Oggi c'è la riunione plenaria delle commissioni dove viene estratta la lettera per i colloqui della Maturità 2026: come scoprire la data dell'orale

Camilla Ferrandi

Camilla Ferrandi

GIORNALISTA

Nata e cresciuta a Grosseto, sono una giornalista pubblicista laureata in Scienze politiche. Nel 2016 decido di trasformare la passione per la scrittura in un lavoro, e da lì non mi sono più fermata. L’attualità è il mio pane quotidiano, i libri la mia via per evadere e viaggiare con la mente.

Oggi, martedì 16 giugno, si riuniscono le commissioni della Maturità 2026. Si tratta del primo atto dell’esame, in cui vengono organizzati i lavori che accompagneranno commissari e studenti durante tutte le prove. Nel corso della riunione plenaria di oggi verrà definito anche il calendario dei colloqui: si stabilirà la data di avvio degli orali e verrà estratta la lettera che determinerà la convocazione dei candidati. Ebbene, vediamo come (e dove) i maturandi possono scoprire la data e l’ora della loro prova orale.

Lettera sorteggiata: dove vedere data e ora dell’orale della Maturità

La Maturità 2026 è ormai alle porte: il 18 giugno, alle ore 8.30, oltre 500mila studenti affronteranno la prima prova, il tema d’italiano. Ma l’esame entra nel vivo già oggi, 16 giugno. Come previsto dall’ordinanza ministeriale 54/2026, oggi infatti si tiene la riunione plenaria, la prima convocazione ufficiale delle commissioni. È in questa occasione che viene fissata la data di avvio dei colloqui ed effettuato il sorteggio della lettera che stabilisce l’ordine di convocazione dei candidati.

Gli orali, il cui calendario è determinato autonomamente da ciascuna commissione, inizieranno dalla settimana successiva alle prove scritte. In alcuni istituti, dunque, si partirà già da lunedì 22 giugno. Solitamente i colloqui si concludono entro la seconda settimana di luglio, ma la durata varia anche in base al numero di maturandi. Le commissioni, infatti, non possono esaminare più di cinque candidati al giorno.

Da oggi, i diplomandi potranno consultare il calendario dei colloqui nell’area riservata del registro elettronico.

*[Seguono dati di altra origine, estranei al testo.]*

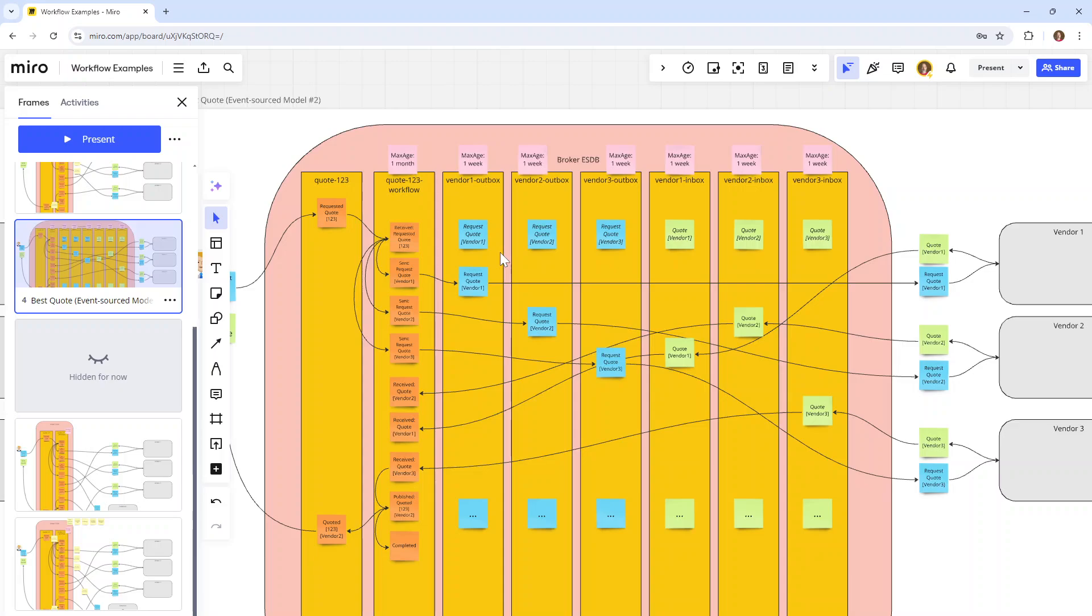Similarly, on the way in, that's where the inboxes sit. When we get back the quotes, we can store them in each vendor's inbox. From that inbox, we can fan out to the corresponding workflow that they pertain to. That obviously assumes that we have enough information traveling through the whole system to allow us to perform that sort of correlation.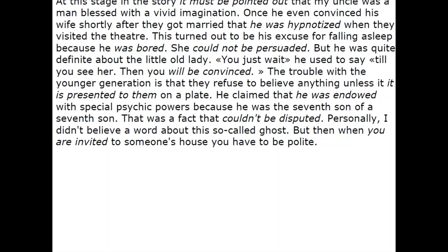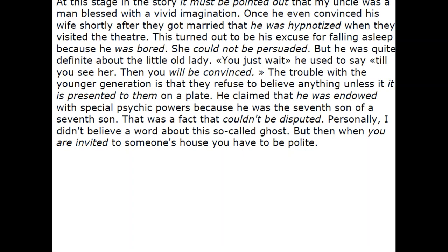At this stage in the story, it must be pointed out that my uncle was a man blessed with a vivid imagination. Once, he even convinced his wife, shortly after they got married, that he was hypnotized when they visited the theatre. This turned out to be his excuse for falling asleep because he was bored. She could not be persuaded, but he was quite definite about the little old lady.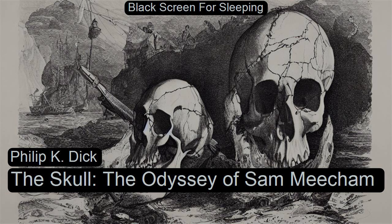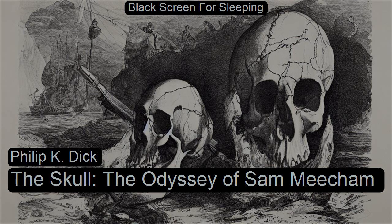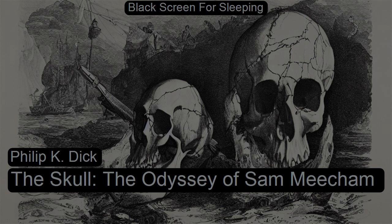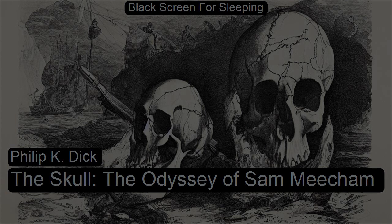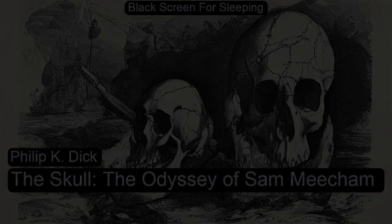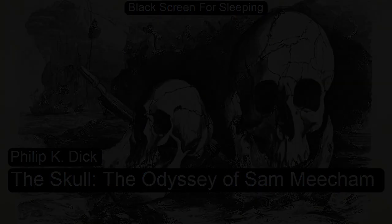The Skull by Philip K. Dick. This is a LibriVox recording. All LibriVox recordings are in the public domain. For more information or to volunteer, please visit LibriVox.org. Recording by Anonymous. The Skull by Philip K. Dick.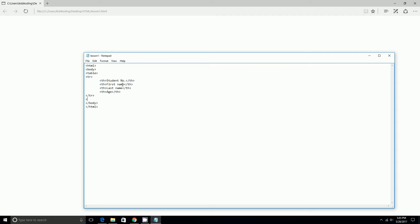And then next we'll start another table row. We're going to tab it. TD for table data this time. And then we're going to do student number one. And his name - I'm just going to do fake names for people who don't exist. So Austin.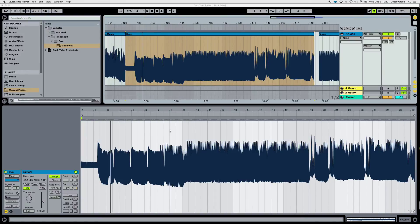Ableton has a new Simpler — it just came out about a month ago, super cool. They made some updates. The cool thing is that your samples can now be synced with your tempo clock.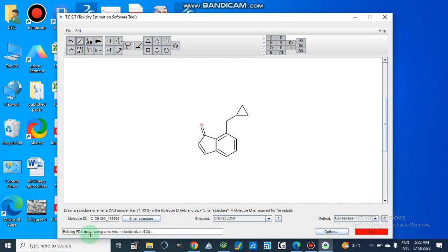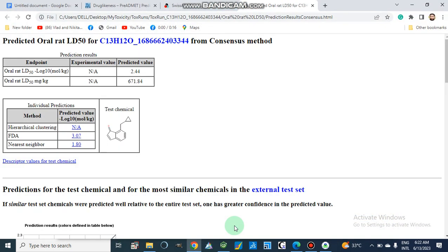Now it is taking data from the FDA model. After completion, the results are open. For oral rat LD50 in minus log10 (mol/kg), the experimental value is not applicable and the predicted value is 2.44. For oral rat LD50 in milligrams per kilogram, the predicted value is 671.84 mg/kg. This is the LD50 for this compound.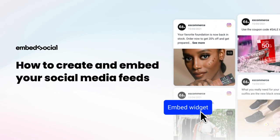Hi guys! In this video tutorial I will show you how you can create widgets out of your social media feeds and how to embed them on your website.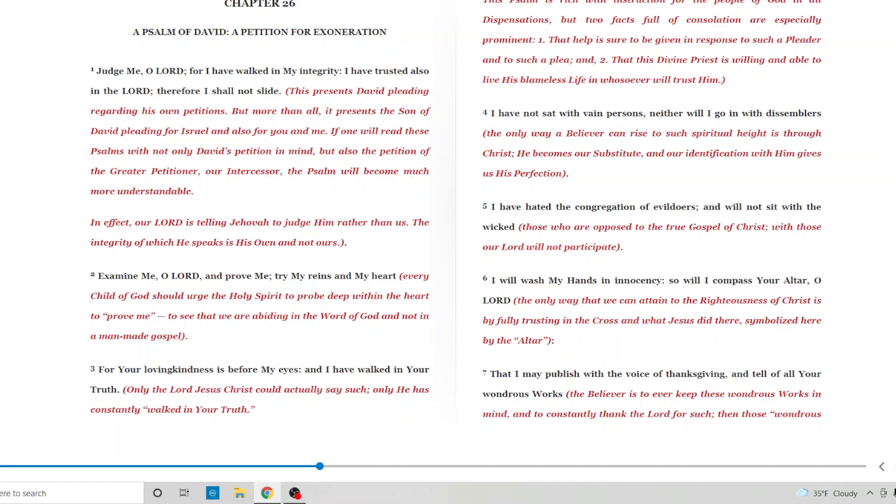A Psalm of David, a petition for exhortation. Judge me, O Lord, for I have walked in my integrity. I have trusted also in the Lord, therefore I shall not slide. This presents David pleading regarding his own petitions, but more than that, it presents the son of David pleading for Israel, and also for you and me. If one will read these psalms with not only David's petition in mind, but also the petition of the greater petitioner, our intercessor, the psalm will become much more understandable. In effect, our Lord is telling Jehovah to judge him rather than us, the integrity of which he speaks is his own and not ours.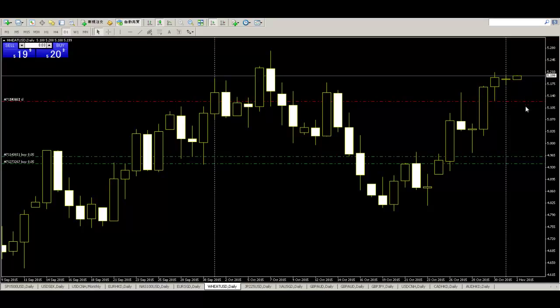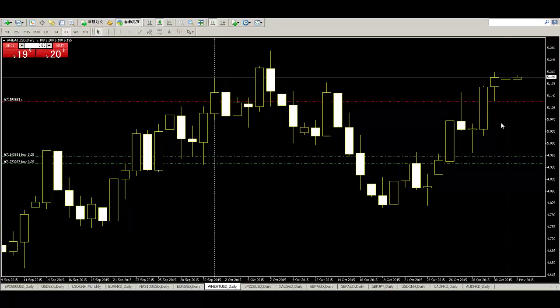If price go down, take profit. Market action automatically take profit. Just leave market action. This is very important.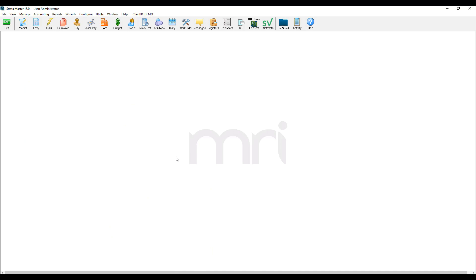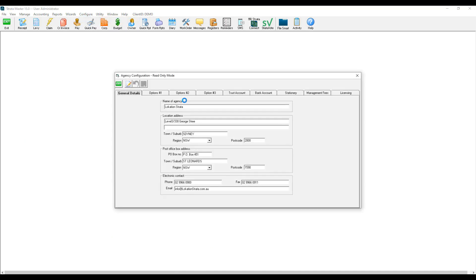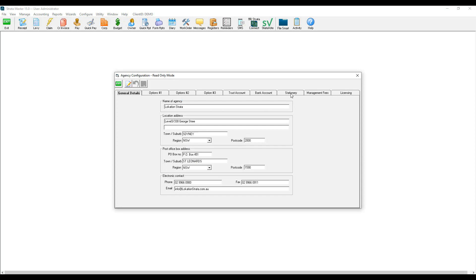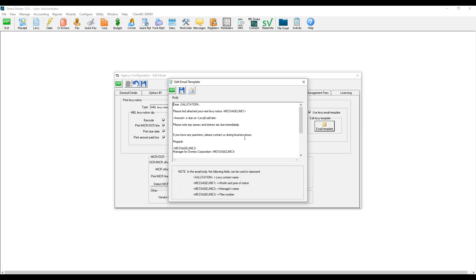The second way is through Configure. Under Configure, go to Agency, then Stationary. You can press Edit and click on Email Template. You can now edit the levy notice email template and save.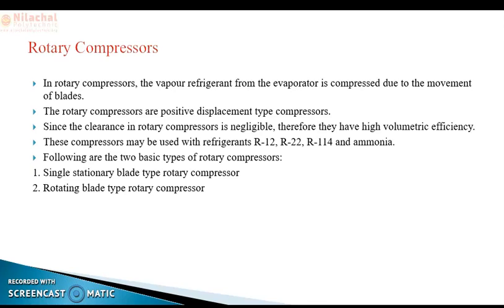In the rotary compressor there is no clearance volume, therefore the volumetric efficiency is very high. These compressors may be used with refrigerants R-12, R-22, R-114, and ammonia. The rotary compressor is categorized into two types: one is the single stationary blade type rotary compressor, and another is the rotating blade type rotary compressor.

I candidati esterni, invece, riceveranno il calendario via mail.

Come funziona il colloquio orale dell’esame di Maturità 2026

Il colloquio della Maturità 2026 sarà una prova completamente rinnovata, come previsto dalla riforma dell’esame di Stato approvata lo scorso ottobre. In primo luogo, l’orale non verterà più su tutto il programma, ma solo su quattro materie, individuate ogni anno da un decreto del ministero dell’Istruzione e del Merito (MIM) entro la fine di gennaio (qui le materie per indirizzo della Maturità 2026).

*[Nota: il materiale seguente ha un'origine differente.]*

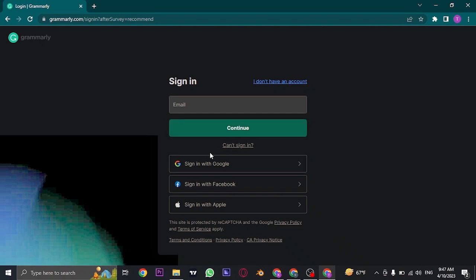Now if you created your account using any of these services, you can just click on it and choose your account and you'll be instantly logged in.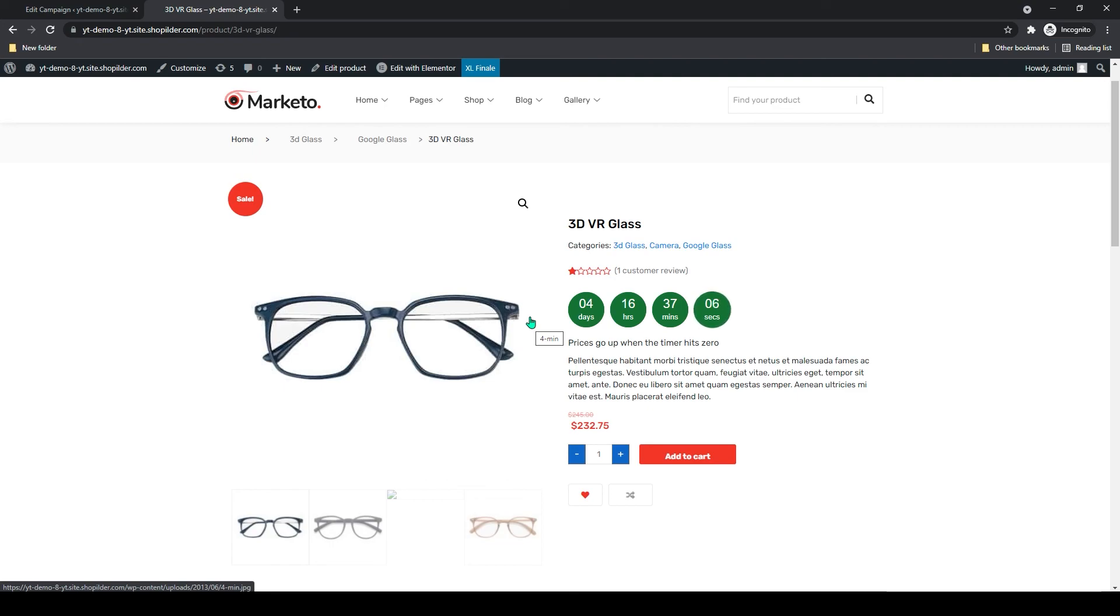That's how you add a sales countdown timer in your WooCommerce website. I hope this video was helpful. Please subscribe to our channel if you are interested in content like this. That's it for today's video. I will see you guys in the next one. Bye.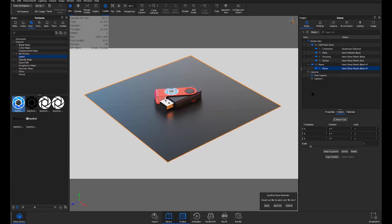Someone is asking if it's possible to edit a job after it's sent to the queue — the samples, the name, et cetera. No — once it's sent to the queue, it is off to the queue. You would need to delete that job and resubmit it.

Il colloquio non partirà più da un documento predisposto dalla commissione, ma "con una breve riflessione del candidato sul proprio percorso scolastico e personale, anche alla luce delle informazioni contenute nel Curriculum della studentessa e dello studente".

Oltre alle quattro discipline scelte dal MIM, il colloquio comprende anche la presentazione di "una breve relazione o un lavoro multimediale" sulle esperienze di formazione scuola-lavoro o di apprendistato di primo livello. Inoltre, si specifica, "il colloquio verifica le competenze di educazione civica".

Per i maturandi che, nello scrutinio finale, hanno ottenuto 6 in condotta, durante l’orale verrà discusso anche l’elaborato in tema di cittadinanza attiva e solidale assegnato dal consiglio di classe.

Rispetto agli scorsi anni, la griglia di valutazione dell’orale è costituita da un nuovo indicatore, che chiede alla commissione di valutare il "grado di maturazione personale, di autonomia e di responsabilità raggiunto al termine del percorso di studio".

Per la valutazione dell’orale, che viene svolta lo stesso giorno della prova, la commissione ha a disposizione un massimo di 20 punti.

Infine, con la riforma il colloquio diventa obbligatorio. Non sarà più possibile fare scena muta volontaria, come hanno fatto alcuni studenti lo scorso anno per protesta. L’orale è adesso una condizione necessaria per superare l’esame e ottenere il diploma.